Andy Sandlin’s Cryptic WOKEism

“The great divisions among humanity are never racial (Asian, Black, Hispanic, White), sexual (man, woman), economic (rich, poor) geographic (urban, rural), intellectual (educated, uneducated), or national (West, East), but ethical (covenant-keeper, covenant-breaker).

The great strategy of rebellious man is to posit the division anywhere but the ethical.”

P. Andrew Sandlin
Legend in his own mind
 

The fact that the great division, religiously speaking, is between covenant breakers and covenant keepers in no way diminishes other distinctions as Andy’s post implies. The fact that these very really distinctions are turned into divisions is indeed the consequence of sin as sin introduces a conflict of interest motif vis-a-vis a harmony of interest motif that one finds in the Christian faith. However, this does not mean that the distinctions turn into irrelevant realities upon conversion. Upon conversion men remain men and women remain women. Upon conversion the different races remain the different races and the different socio-economic classes remain the different socio-economic classes. One doesn’t get extra IQ points simply because one converts and so distinctions remain between the education and uneducated.

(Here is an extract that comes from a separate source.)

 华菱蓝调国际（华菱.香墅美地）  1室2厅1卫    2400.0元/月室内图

Because this is all true we would have to say that the great strategy of the stupid and rebellious man is to try and make these distinctions go away by blaming those who take these realities seriously as being rebellious. Most Kinists believe that one day the whole world, or at least much of the world will be converted. However, even in that happy day men and women will be distinct, the races will be distinct, geographic origins will still matter, IQ differences won’t disappear and national differences will remain. And all that is true when the ethical anti-thesis goes into abeyance because all men gladly bow to Christ as Lord of Lords.

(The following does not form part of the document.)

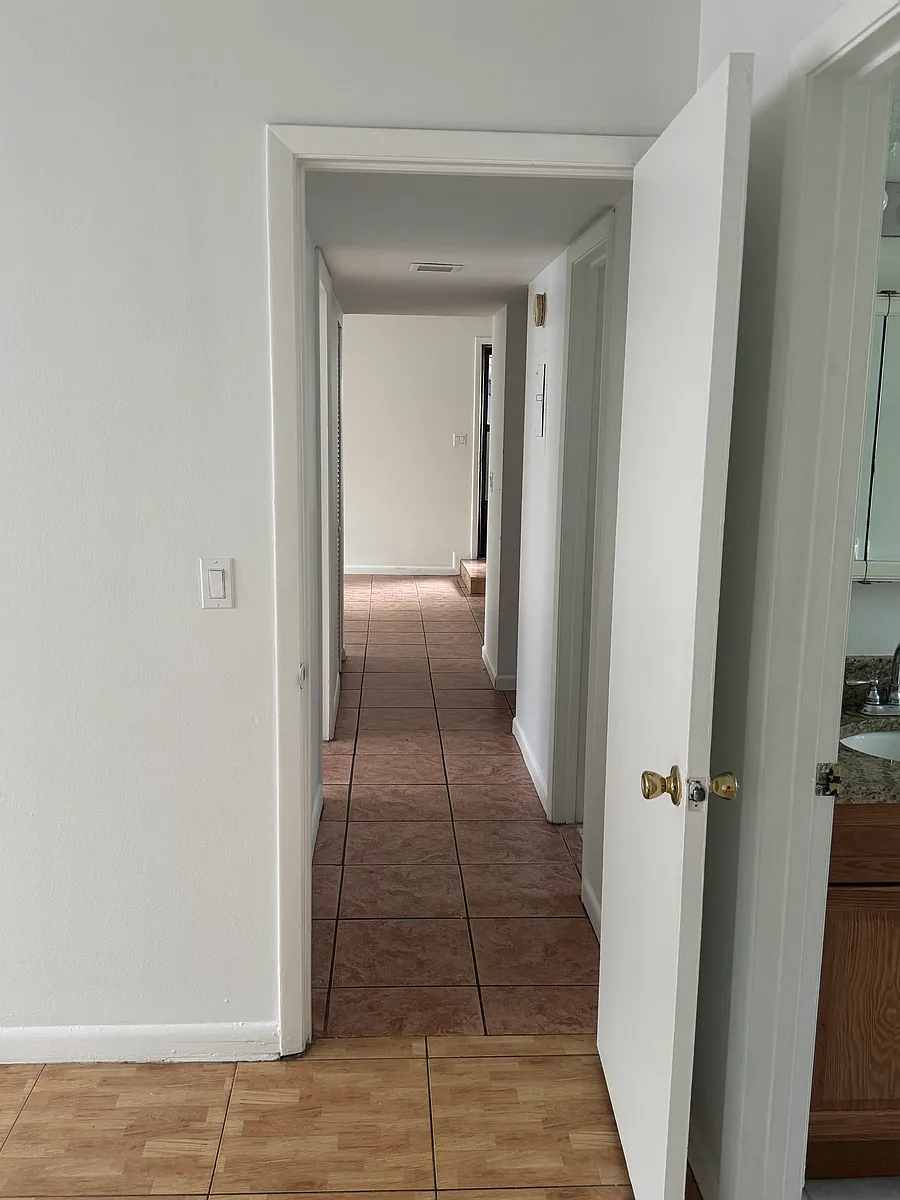 Building Photo - 3242 S Semoran Blvd #15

Kinists understand these distinctions exist. Kinists understand that religiously speaking the great division is ethical. However, Kinists do not go all Gnostic by suggesting that grace destroys nature.

In the end what Sandlin is ultimately denying is the theological meaning intrinsic to Creation, not to mention missing that Scripture regularly sets forth principles and laws as predicated upon Creational realities. This is something these never to be wise men do with alarming frequency. They can’t understand the distinction between creation and redemption.

Dr. Strange and the Multicult of Madness — Part III

Dr. Alan Strange of Mid America Seminary keeps podcasting on the evils of Christian Nationalism and we here keep responding to his “R. Scott Clark with a Southern accent” routine.

1.) Strange denies that the Scripture gives detail as to what Biblical government looks like. He is fine with saying there are principles that Scripture gives  on government but there are not specific details. Here we have to carefully dissect. It is true that Scripture does not teach that only Monarchy is acceptable as a form of Government or Republicanism, etc. However, Scripture is clear that whether Monarchy or Republicanism all Magistrates must bow the knee to Jesus Christ. Now, bowing the knee to Jesus Christ means that Magistrates seek to implement a law-order that consistently reflects the law-order limned out in Scripture. That is a law order that has the Ten Commandments as the foundation with the general equity of the civil law as the case law. This would exist in all forms of government despite the structural and procedural differences found in varying governments. This much would be required for every Christian who would hold the position of Magistrate, regardless of the form of government within which they are operating.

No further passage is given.